Today’s call centers are far more advanced than they once were. In today’s digital age, they are commonly referred to as contact centers because they handle high volumes of inquiries over many communication channels.
To handle all the complex staffing and operations of contact centers, managers use robust workforce planning approaches and tools to schedule employees, forecast future needs, and monitor contact center performance.
In this article, we will explain the nature of workforce management in call centers, detail the associated benefits and challenges, and provide a list of the top contact center workforce management software on the market today.
What Is Workforce Management in a Call Center?
Most large companies today use contact centers or call centers to manage customer interactions. These centers may be departments within the larger business or they can be outsourced to an external agency. Contact center workforce management (WFM) is a modern process for strategically managing call center and contact center teams.

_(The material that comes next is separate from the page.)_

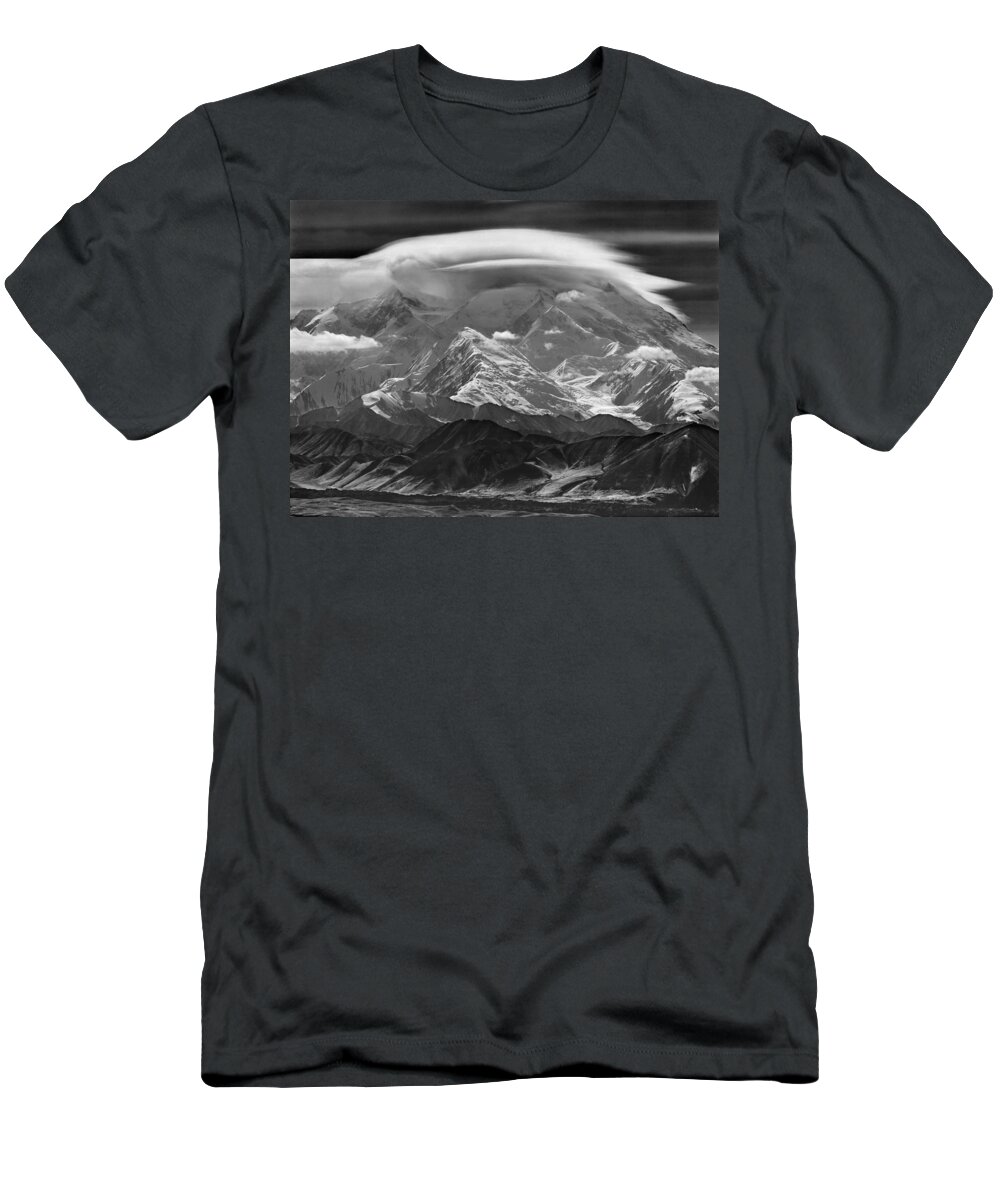 Telephoto T-Shirt featuring the photograph 101366-Lenticular Cloudcap over Mt. Mckinley by Ed Cooper Photography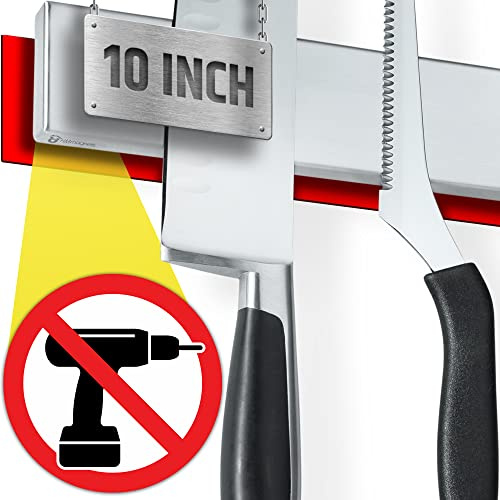 10 Strong Adhesive (No Drill) Magnetic Knife Holder for Wall - Professional Knife Strip - No Screws Needed - Adhesive Backing - Stainless Steel Bar (Upgraded Version – Will Not Fall)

This process involves managing all contact or call center processes, to ensure adequate staffing, efficient scheduling, and ultimately, optimizing employee performance and operational efficiency. Because contact center employees field calls and inquiries from so many different communication channels, call center WFM also involves schedules and shifts according to the unique skill sets of each employee. To coordinate all these different processes, contact center managers utilize software like a unified call center platform that can handle scheduling and forecasting as well as other aspects of employee and customer experience.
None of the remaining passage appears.